(Short web captions)
>>>>>
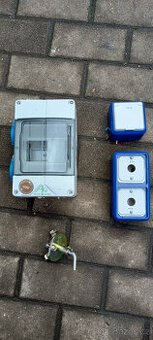 Minizásuvková rozvodnice (plastový rozvaděč)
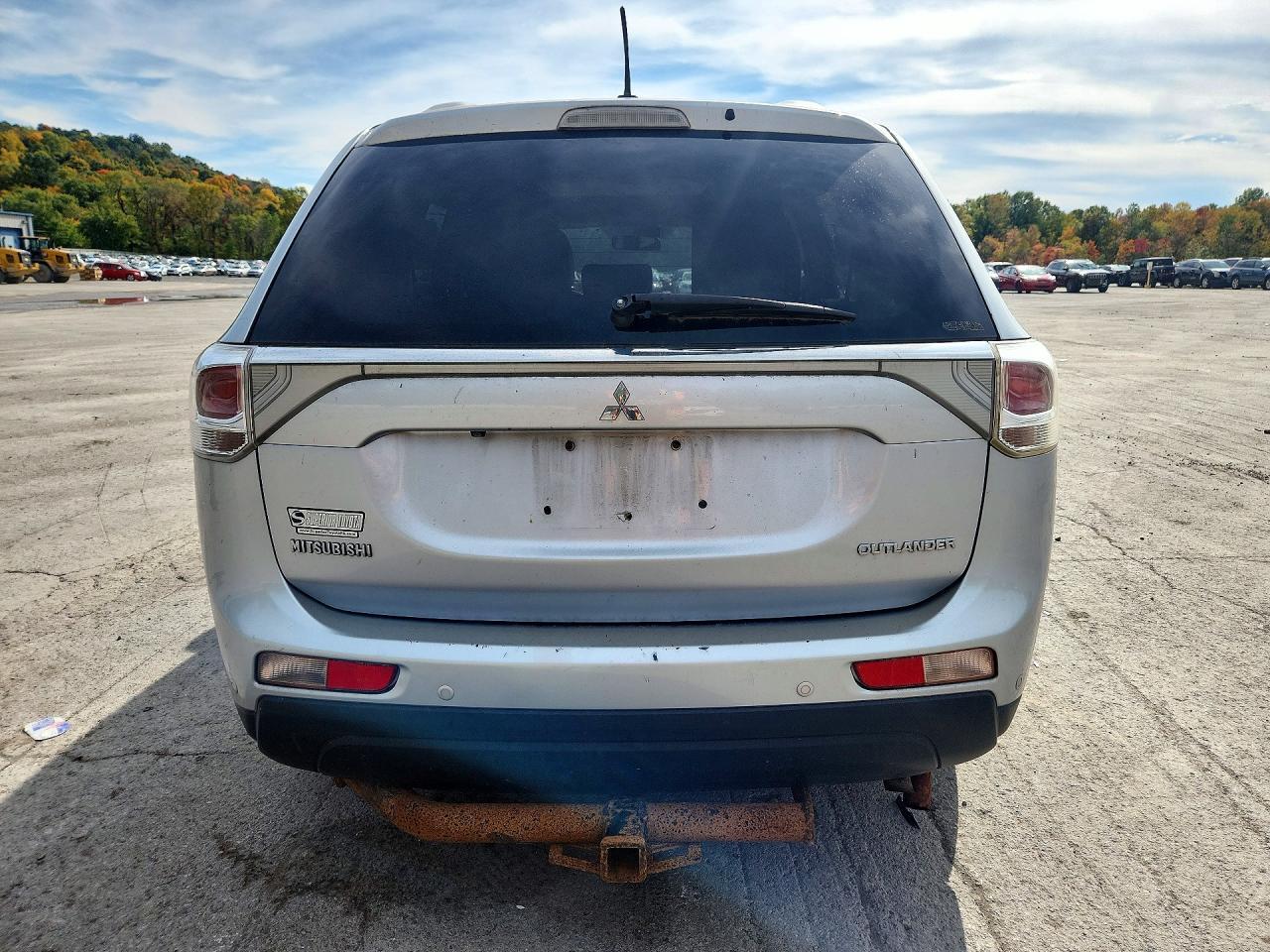 2014 MITSUBISHI OUTLANDER SE — Фото 6 из 14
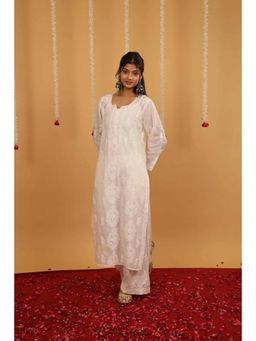 Rivaz Threads and Co - Fiza Pure Kota Doria Chikankari Kurta In White
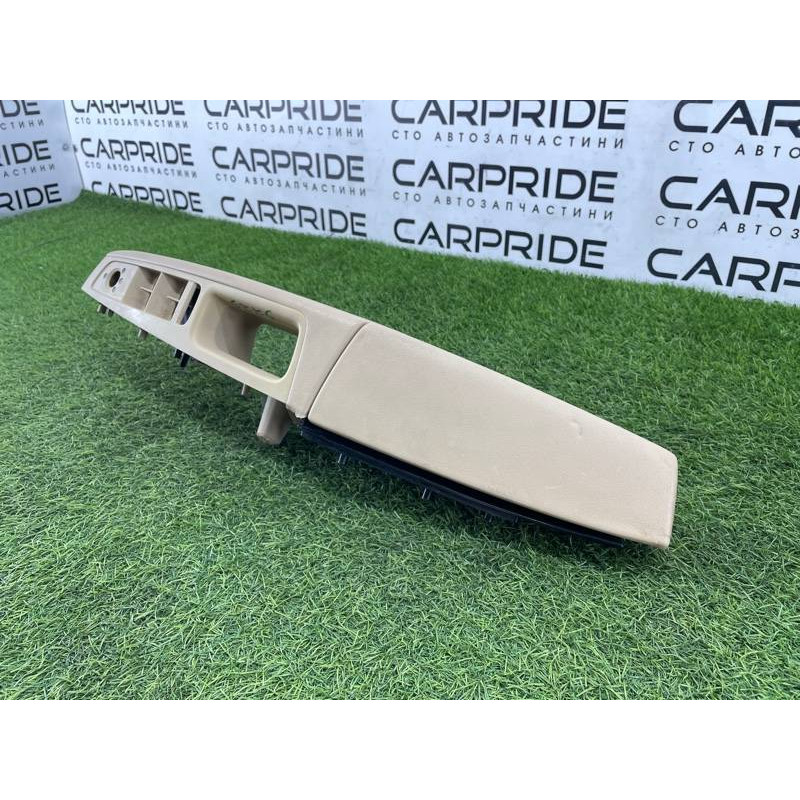 Підлокітник (салон) AUDI A8 D4 2011 4,2 4H1867165CEM4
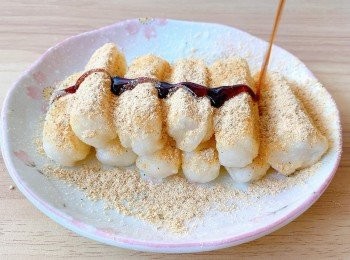 step2: 紅糖漿做法
紅糖加水煮成濃稠狀態 
淋在糍粑上面加上黃豆粉即可享用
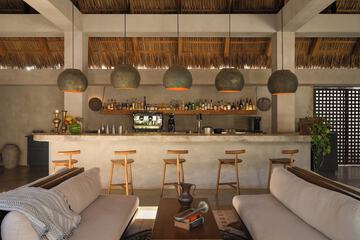 Poolside bar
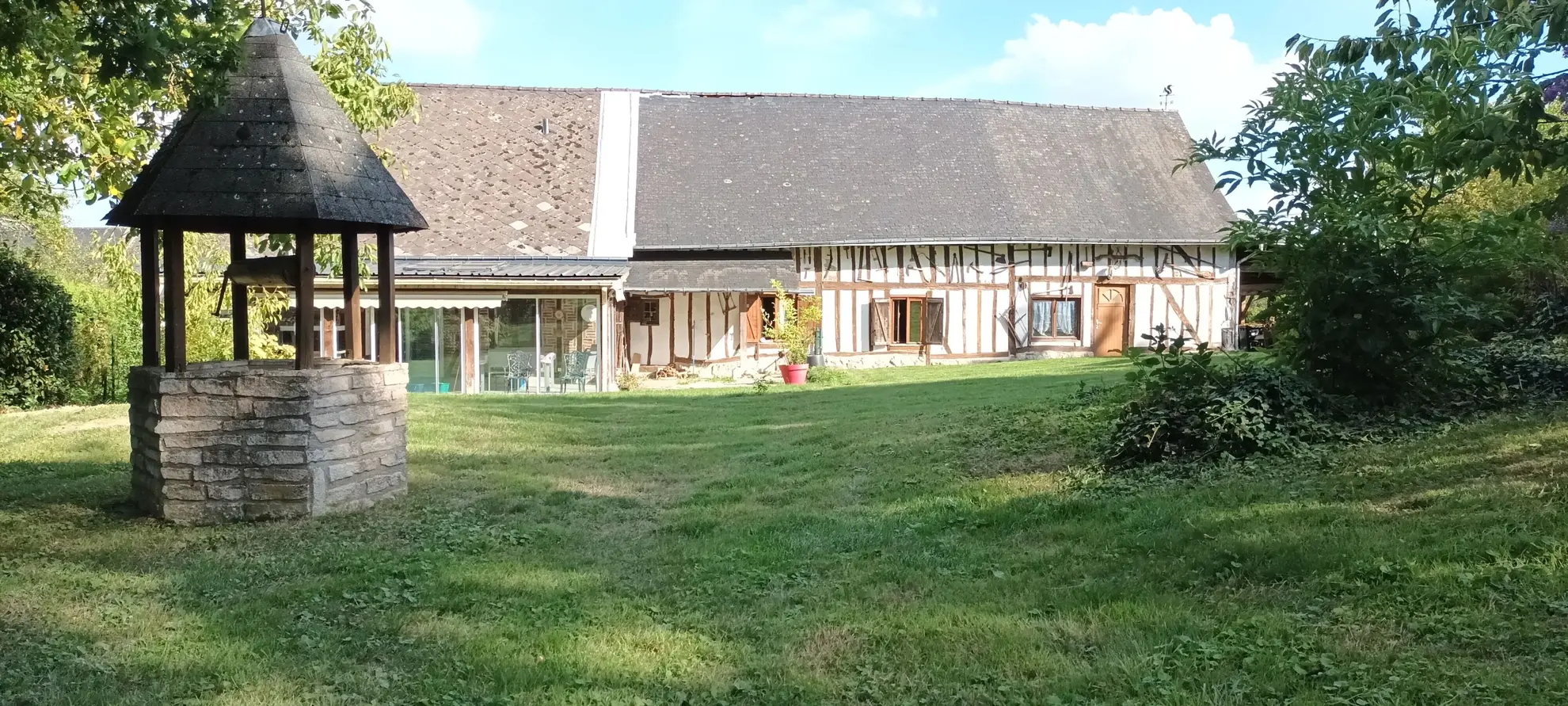 Maison à vendre à Chaumont-Porcien avec jardin et travaux à prévoir 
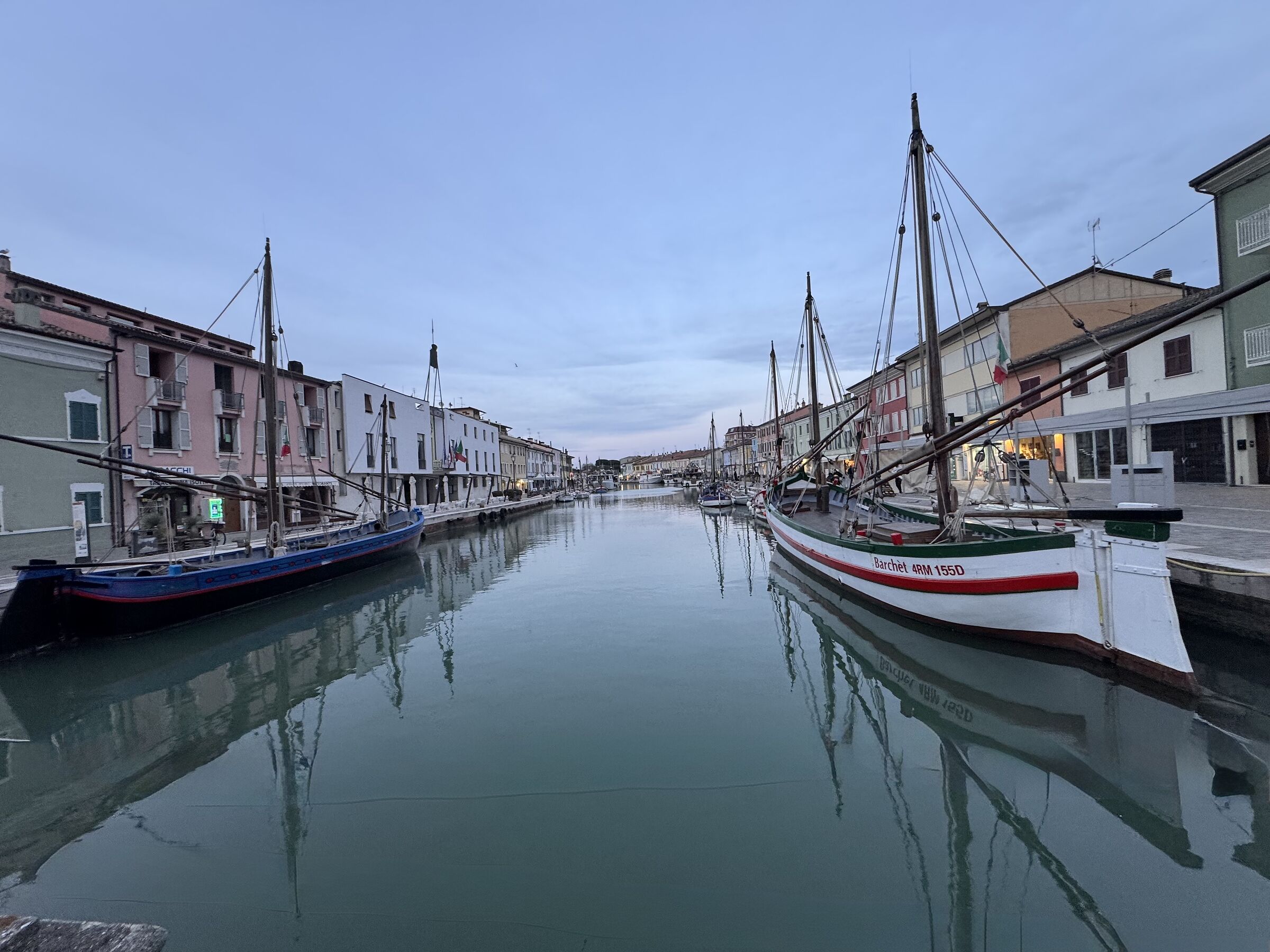 L’ora blu sul porto canale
<<<<<
▶ _TO DO_:
Return exactly the line containing "淋在糍粑上面加上黃豆粉即可享用" and every line after it, up to and including the final line of the entries above. Pictures stay out.

▶ _FINISHED EXERCISE_:
淋在糍粑上面加上黃豆粉即可享用
 Poolside bar
 Maison à vendre à Chaumont-Porcien avec jardin et travaux à prévoir 
 L’ora blu sul porto canale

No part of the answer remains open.